Che fare allora? Lasciamo stare la possibilità di chiamata da parte degli allenatori. Il calcio non è il tennis, e per vedere se il pallone è dentro o fuori c’è già la goal-line technology. Anche perché cosa si risolverebbe se lo sgambetto di D’Ambrosio ci fosse stato dopo che Di Francesco aveva già esaurito i suoi challenge? Niente. Per salvare la baracca si potrebbe dimezzare il tempo delle conversazioni tra Var e arbitro centrale, lunghissime. Il Var chiuso nello stanzino segnala il fatto sospetto al direttore di gara che va al monitor. Sempre. Perché il rischio dell’aiuto tecnologico è di far decidere ai tecnici che trasmettono le immagini (selezionandole) e non all’arbitro, che deve restare l’autorità ultima. Altrimenti si apre al caos, con il fischietto sostituito da una sorta di commissione chiamata a valutare un episodio e a decidere il da farsi. Niente chiacchiere all’auricolare con il sottofondo di fischi dalle tribune, ma rapida corsa dell’arbitro al monitor. Tempo di rivedere l’immagine sfuggita in campo e di decidere. Il Var sarebbe così sgravato dall’incombenza di stabilire – con chissà quali criteri, poi – se un errore è chiaro ed evidente oppure no.

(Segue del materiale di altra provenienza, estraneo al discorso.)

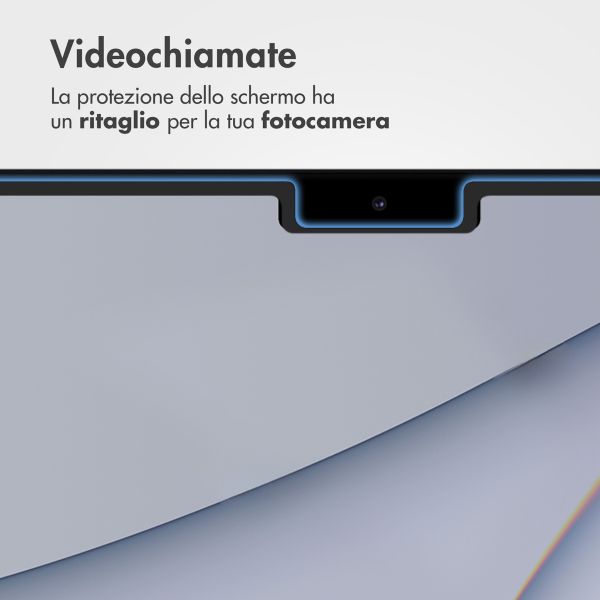 Accezz Magnetische Screenprotector Apple MacBook Air 15 inch (2023 / 2024 M3 / 2025 M4 / 2026 M5)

Qualcuno, in ambiente Aia, sottolinea che il disorientamento è dovuto anche all’assenza di un supervisore generale “tecnologico”, che fino alla scorsa stagione era impersonato da Roberto Rosetti, ora promosso a capo degli arbitri dell’Uefa in sostituzione di Pierluigi Collina. Di pochi giorni fa l’annuncio: il Var debutterà in Champions League a febbraio. Un’inversione totale rispetto a quanto annunciato tempo fa dallo stesso (scettico) presidente dell’organismo calcistico continentale, Aleksander Ceferin, che aveva annunciato la partenza del Var solo dalla prossima stagione. Ma nel calcio di oggi restare ancorati al romanticismo dell’arbitro unico giudice supremo in campo era impossibile. C’è poco da fare, nel mondo contemporaneo diventa vitale anche sapere se l’alluce dell’attaccante è in fuorigioco di due virgola sette millimetri.